Active surveillance of invasive GAS infection was performed prospectively via a voluntary, collaborative network of public and private laboratories, hospitals and general practitioners from across Victoria. All laboratories in Victoria that performed bacteriological testing (n = 65 in 2001) were approached to participate. In addition to passive reporting, laboratories were contacted twice per month.

To capture cases not reported through established channels, hospital discharge datasets from all Victorian hospitals with an intensive care unit or greater than 200-bed capacity (n = 45 in 2001) were reviewed every 3 months for ICD-10 (International classification of diseases, 10th revision) codes indicating GAS disease as a primary or secondary discharge diagnosis.

Confirmed cases were defined as one of the following:

STSS was defined according to published criteria (Box 1).18 Infections were classified as nosocomially acquired if the collection date of the first positive specimen was at least 3 days after the hospital admission date.

Demographic and clinical data were collected from the treating physician and medical record review.


Forty-five eligible hospitals and 63 laboratories agreed to participate. Two laboratories refused, but serviced hospitals for which discharge data were available.

Epidemiological data

In the 30-month study period, 333 confirmed cases were identified. Three hundred and fifteen (94.6%) were classified by the isolation of group A streptococcus from a sterile site, one was laboratory-confirmed necrotising fasciitis with positive streptococcal serology and group A streptococcus isolated from a deep wound swab, and 17 were pharyngeal abscesses. The average annualised incidence rate was 2.7 (95% CI, 2.3–3.2) per 100 000 population per year. Blood cultures were positive in 240 patients (72.1%) (annualised incidence of GAS bacteraemia, 2.0 [95% CI, 1.6–2.4] per 100 000 population per year).

For the 302 patients whose age was known, the mean age was 45.8 years (95% CI, 42.6–49.0 years); 58 cases (19.2%) occurred in children aged 0–15 years and 134 (44.4%) occurred in people aged 50 years and older. Incidence rates were highest in people younger than 5 years and in those 65 years and older (Box 2). Fifty-three per cent of cases occurred in males.
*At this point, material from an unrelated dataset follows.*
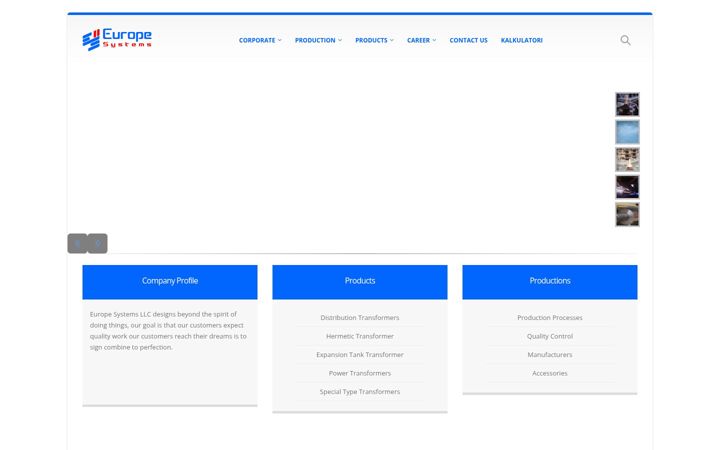 Screenshot of europesys.com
Only two cases were identified in Indigenous individuals (average annual incidence rate, 2.9 per 100 000 population per year).

Among those for whom the information was available, 97.8% (307/314) were hospitalised, the length of stay was ≥ 10 days for 48.7% (135/277), and 23.3% (67/288) required admission to an intensive care unit. Twenty-one (6.8%) of 307 hospitalised patients were identified as having potentially nosocomially acquired infections.
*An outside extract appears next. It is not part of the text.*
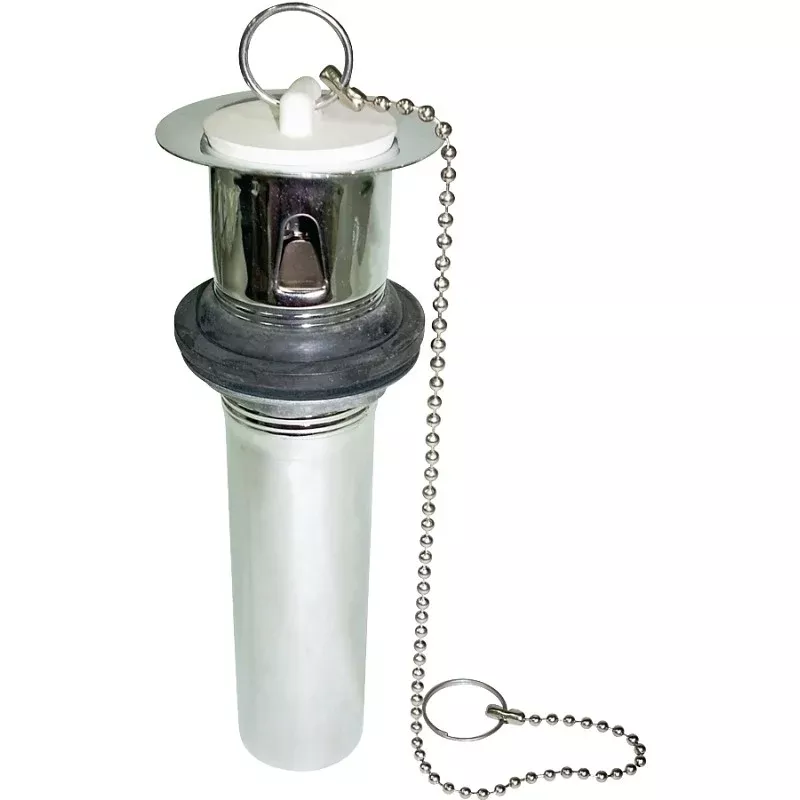 ProSource TW0914 Lavatory Plug, Pull-Out, Chrome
Soft tissue was the most common site of infection (n = 176) across all age groups (Box 3). Among the patients for whom the information was available, a pre-existing chronic medical condition was reported in 66.2% (182/275); heart and lung diseases predominated. Immunosuppression was reported in 18.7% of patients (52/278), and 23.8% (62/261) reported use of non-steroidal anti-inflammatory drugs within 14 days of symptom onset. Preceding chickenpox was reported in 5% (3/58) of paediatric patients. Other risk factors are listed in Box 4.

Severity and outcome

STSS was identified in 48 (14.4%) of the 333 patients, and necrotising fasciitis in 30 (10.9%) of 276 patients for whom the information was available (Box 5). Twenty-five deaths were known to have been due to GAS disease (case-fatality rate, 7.8%). Six deaths (24%) occurred in people younger than 65 years, including a 2-year-old child with a history of sore throat who died of streptococcal bacteraemia. All but three died within 10 days of admission to hospital. Of those who died, only one person had received IVIG and only eight had received clindamycin in hospital. Four people who died were immunocompromised; none was HIV positive. The focus of infection in 19 fatal cases (76%) was soft tissue, of which five involved necrotising fasciitis.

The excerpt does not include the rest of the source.